Un durcissement similaire touche les pays de l'Union européenne. La règle générale est désormais un copyright de 70 ans après le décès de l’auteur, alors qu’il était auparavant de 50 ans, suite aux pressions exercées par les éditeurs de contenu sous le prétexte d’«harmoniser» les lois nationales relatives au copyright pour répondre à la mondialisation du marché.

A ceci s'ajoute la législation sur le copyright des éditions numériques en application des traités internationaux de l'OMPI (Organisation mondiale de la propriété intellectuelle). Ces traités sont signés en 1996 dans l'optique de contrôler la gestion des droits numériques. Le Digital Millenium Copyright Act (DMCA) est entériné en octobre 1998 aux Etats-Unis. La directive EUCD (European Union Copyright Directive) est entérinée en mai 2001 par la Communauté européenne. Cette directive s'intitule très précisément «Directive 2001/29/EC du Parlement européen et du Conseil sur l'harmonisation de certains aspects du droit d'auteur et des droits voisins dans la société de l'information». Elle fait suite à la directive de février 1993 (Directive 93/98/EEC) qui visait à harmoniser les législations des différents pays en matière de protection du droit d'auteur. La directive EUCD entre peu à peu en vigueur dans tous les pays de l'Union européenne, avec mise en place de législations nationales, le but officiel étant de renforcer le respect du droit d'auteur sur l'internet et de contrer ainsi le piratage. En France, par exemple, la loi DADVSI (Droit d'auteur et droits voisins dans la société de l'information) est promulguée en août 2006, et n'est pas sans susciter de nombreux remous.

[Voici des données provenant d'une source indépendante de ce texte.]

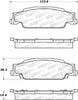 StopTech 308.0922 Street Brake Pads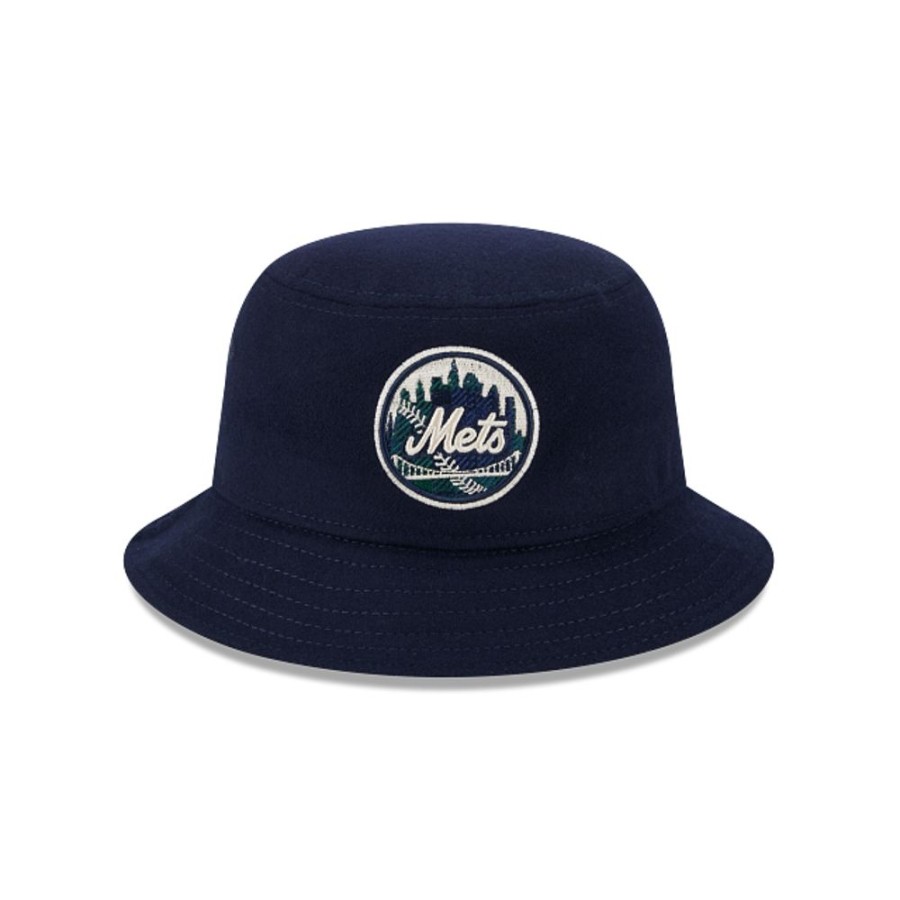 Gorras New Era | New York Mets Mlb Plaid Logo Bucket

2002: LE WEB DEVIENT UNE VASTE ENCYCLOPEDIE

= [Résumé]

En 2002, le MIT (Massachusetts Institute of Technology) décide de publier le contenu de ses cours en ligne, avec accès libre et gratuit, en privilégiant la diffusion libre du savoir. Mise en ligne en septembre 2002, la version pilote du MIT OpenCourseWare (MIT OCW) offre en accès libre le matériel d’enseignement de 32 cours représentatifs des cinq facultés du MIT. Ce matériel d’enseignement comprend des textes de conférences, des travaux pratiques, des exercices et corrigés, des bibliographies, des documents audio et vidéo, etc. Parallèlement, la Public Library of Science (PLoS) met sur pied des revues scientifiques en ligne de haut niveau. En ce qui concerne les encyclopédies, Wikipédia ouvre la voie en 2001, en lançant une encyclopédie écrite collectivement et dont le contenu est librement réutilisable. Wikipédia est rédigé par des milliers de volontaires, avec possibilité de corriger et de compléter les articles, aussi bien les leurs que ceux d'autres contributeurs. Suivent d'autres encyclopédies comme Citizendium et l'Encyclopedia of Life.

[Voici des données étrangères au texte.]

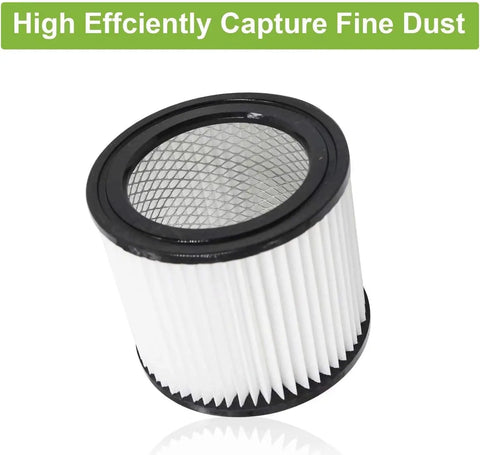 Replacement Filter Cartridge For 90398 And 9039800 Series Wet Dry Vacuums Type AA Small Cartridge Filter, cylindrical shape
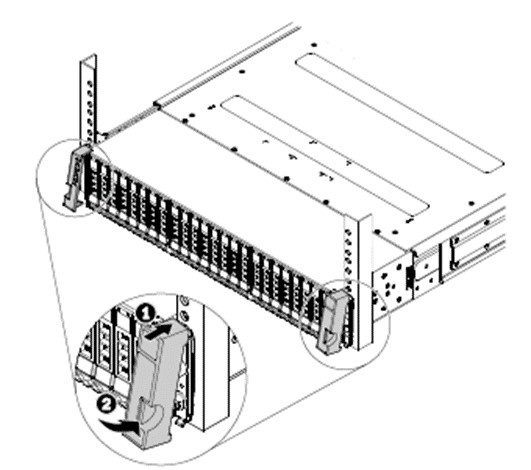 Image showing reinstallation of the storage enclosure’s side cover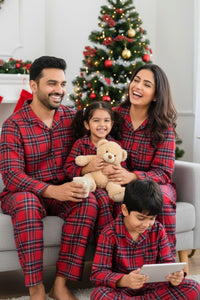 Luxe Checks Pyjama Set (Boy) - De - Nap.in - Nightwear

= Vers un savoir numérique

Sur le site de l'Internet Society (ISOC), qu'il fonde en 1992 pour promouvoir le développement de l’internet, Vinton Cerf explique: «Le réseau fait deux choses (…): comme les livres, il permet d’accumuler de la connaissance. Mais, surtout, il la présente sous une forme qui la met en relation avec d’autres informations. Alors que, dans un livre, l’information est maintenue isolée.»